In the second part, we derive an intriguing scaling relation between diffusion and entropy, starting from the basic principles of statistical mechanics. We explore this relation in different deterministic model systems, like two-dimensional periodic potential energy surface and periodic Lorentz gas introduced by Zwanzig. Our study reveals a noteworthy crossover in the plot of diffusion against entropy due to the correlated random walk induced by the characteristic nature of the potential energy surface. This study motivated us to investigate the non-monotonic friction dependence of diffusion in a multidimensional potential energy landscape.

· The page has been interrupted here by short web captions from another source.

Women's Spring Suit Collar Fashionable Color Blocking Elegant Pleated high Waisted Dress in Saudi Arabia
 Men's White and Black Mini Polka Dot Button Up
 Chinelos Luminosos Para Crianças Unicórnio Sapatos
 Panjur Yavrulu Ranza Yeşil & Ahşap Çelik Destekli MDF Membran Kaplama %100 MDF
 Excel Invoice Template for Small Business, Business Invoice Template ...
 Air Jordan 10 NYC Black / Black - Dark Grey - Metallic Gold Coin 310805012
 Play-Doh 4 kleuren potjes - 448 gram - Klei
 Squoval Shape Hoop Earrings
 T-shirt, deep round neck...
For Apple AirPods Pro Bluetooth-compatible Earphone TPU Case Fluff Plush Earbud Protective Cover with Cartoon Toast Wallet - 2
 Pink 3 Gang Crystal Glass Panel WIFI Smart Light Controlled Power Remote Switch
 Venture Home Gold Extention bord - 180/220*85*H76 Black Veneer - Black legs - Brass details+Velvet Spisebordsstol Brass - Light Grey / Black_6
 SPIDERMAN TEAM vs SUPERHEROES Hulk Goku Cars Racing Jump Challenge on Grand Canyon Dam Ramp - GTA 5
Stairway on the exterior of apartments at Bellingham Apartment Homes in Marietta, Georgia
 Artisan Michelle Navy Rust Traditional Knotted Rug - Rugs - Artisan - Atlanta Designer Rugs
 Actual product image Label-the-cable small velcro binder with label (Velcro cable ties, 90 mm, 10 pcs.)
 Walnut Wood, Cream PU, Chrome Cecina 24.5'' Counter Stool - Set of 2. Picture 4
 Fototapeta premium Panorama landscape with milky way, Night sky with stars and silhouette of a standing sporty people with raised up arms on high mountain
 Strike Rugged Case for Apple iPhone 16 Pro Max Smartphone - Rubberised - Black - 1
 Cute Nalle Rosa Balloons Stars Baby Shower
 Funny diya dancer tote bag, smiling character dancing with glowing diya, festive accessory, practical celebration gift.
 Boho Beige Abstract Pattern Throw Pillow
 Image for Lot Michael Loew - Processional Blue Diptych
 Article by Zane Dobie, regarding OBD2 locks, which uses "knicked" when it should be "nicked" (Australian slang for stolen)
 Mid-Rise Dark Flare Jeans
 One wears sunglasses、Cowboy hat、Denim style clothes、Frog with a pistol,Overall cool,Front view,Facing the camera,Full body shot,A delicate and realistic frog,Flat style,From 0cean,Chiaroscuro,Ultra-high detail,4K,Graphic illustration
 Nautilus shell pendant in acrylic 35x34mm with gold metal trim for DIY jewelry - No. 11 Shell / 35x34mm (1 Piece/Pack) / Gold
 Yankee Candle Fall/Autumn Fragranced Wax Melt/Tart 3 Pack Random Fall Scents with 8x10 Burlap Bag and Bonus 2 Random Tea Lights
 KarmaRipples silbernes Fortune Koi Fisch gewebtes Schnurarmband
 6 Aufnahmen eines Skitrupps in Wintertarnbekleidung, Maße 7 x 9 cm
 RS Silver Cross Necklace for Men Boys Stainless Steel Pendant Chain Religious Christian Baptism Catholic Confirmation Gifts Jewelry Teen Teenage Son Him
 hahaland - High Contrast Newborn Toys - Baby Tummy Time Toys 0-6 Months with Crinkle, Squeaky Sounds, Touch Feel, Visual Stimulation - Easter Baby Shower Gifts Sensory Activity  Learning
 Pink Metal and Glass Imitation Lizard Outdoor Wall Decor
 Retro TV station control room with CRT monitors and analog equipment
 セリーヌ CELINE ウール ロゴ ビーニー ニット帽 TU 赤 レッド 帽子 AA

In the third part, we examine the validity of Stokes' Law (SL) of hydrodynamics at molecular length scales for LJ and soft sphere systems at two different thermodynamic state points. We explain the origin of the enhanced linear regime in the absence of the attractive part of the interaction potential between the particles. We also investigate the build-up of density in front of the moving sphere and the velocity profile to understand the origin of the broad validity of Stokes Law and, thereby, of linear response theory.
In the fourth part, as reported in recent experimental studies, we discuss the analytical and simulation calculations to elucidate the rate enhancement observed in various reactions within charged microdroplets. In the fifth part, we discuss the origin of the anomalous dielectric relaxation of dipolar fluid under spherical confinement.
The thesis concludes with a brief description of ongoing and future projects.